Pinball audio peaked in the late 80s and early 90s when games had synthesizers built in IMHO. BK2000 as mentioned above used several techniques to ensure everything is synced to the music, nothing clashes, and almost all the tracks switch between each other seamlessly (Brian Schmidt has a great writeup on the game here: https://www.gamedeveloper.com/audio/interactive-audio-in-black-knight-2000-the-importance-of-integration)

Once the audio technology in pinball became hi-fi, I think the lack of limitations caused some pinball sound designers to forget what makes for really good pinball audio.

Comparing LotR to The Hobbit for example, LotR uses the BSMT chip which was completely outdated when it released, but the music and sound is still great. It fits the pace of pinball, it all meshes together, the call outs evoke excitement, tension, or informativeness when they should.

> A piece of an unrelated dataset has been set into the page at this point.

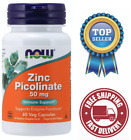 Now Foods - ZINC PICOLINATE, 50mg, 60 Vegetable Capsules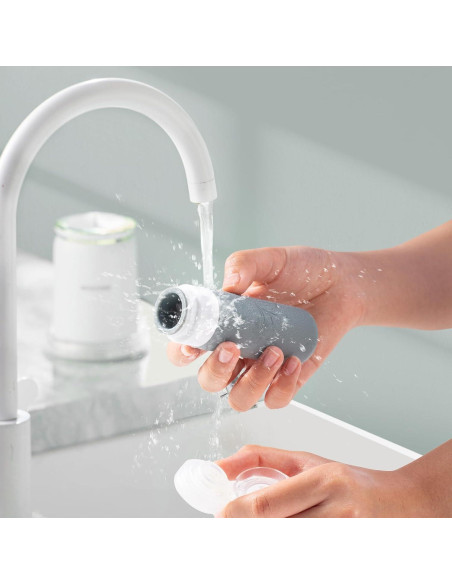 Juego de Botellas de Silicona 18 Piezas JBYAMUS A Prueba de Fugas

Meanwhile The Hobbit has a great, epic film style score, but it doesn't fit pinball gameplay. Random, sparkly tones and music stings play when hitting certain targets. When you get jackpots the announcer is a bad Smaug impersonator who sounds like he's having a stroke saying "jackpot" over and over again. There's nothing to get me excited when I should be getting excited. Line you mentioned, more/better technology isn't always better.

I could go on and on about my favorite audio packages in pinball, but I'll end by throwing Mousin' Around out there. It has a ton of great sound design tricks all in one package. Seamless transitions between certain tracks, seamless endings when the ball drains, lights that blink in time with the music, and pay attention to the sound that plays when the MOUSE TRAP letters are collected. Those and a few others sound effects are adjusted in pitch to match the current key of the music!

#8 1 year ago
Quoted from Tuukka:

I think the first peak was when the FM sound chip was introduced - don't remember the exact year, sometime in the Williams system 11 / Gottlieb 80B era. The Yamaha synth chip, combined with great composers - Chris Granner first comes to my mind but there were others just as good.
Next peak was the WPC DCS sound in about 1993, not depending anymore of the YM chip. Composers had much more freedom for the music, not depending only of the FM synth channels or CVSD samples.
The BSMT system - meh. Did not sound very good, was it the hardware or software, or did they not have enough time to master that?

I love BSMT but I understand why some don't. Brian Schmidt designed it himself and then went on to compose lots of Data East's titles, and he generally took full advantage of it's capabilities. But because Brian was behind most of its soundtracks, if you don't like his music style, you won't like the chip in general.

I think it was pretty cutting edge for the time it came out ('91), and still had several advantages over DCS in terms of interactivity and memory when that was introduced ('93), but probably just hasn't aged as well as DCS due to relying on relatively low quality samples. In many ways the even the older YM2151 sounds better because, despite the limited FM synthesis sound palette, still produces crystal clear audio (I'm not sure what the exact tech specs are but YM2151 output is much closer to, if not higher than, 44.1 khz than the samples used to power the BSMT).

Interestingly, the BSMT originally had stereo support, but Data East eventually cut that after a few games. It's totally possible the chip's design was held back in other ways by budget, but I have no source for that, just speculating.

But yeah, most BSMT titles have some level of interactivity between the game and music which I love. And as good as a lot of the DCS era music is, a lot of that interactivity was lost with it. I was playing Baywatch at league last night and the game has the GI and lights flash with the drums in the plunger theme and in time with the multiball ready music and man, I'm just a sucker for that kind of detail haha. It's a simple trick, but effective all the same.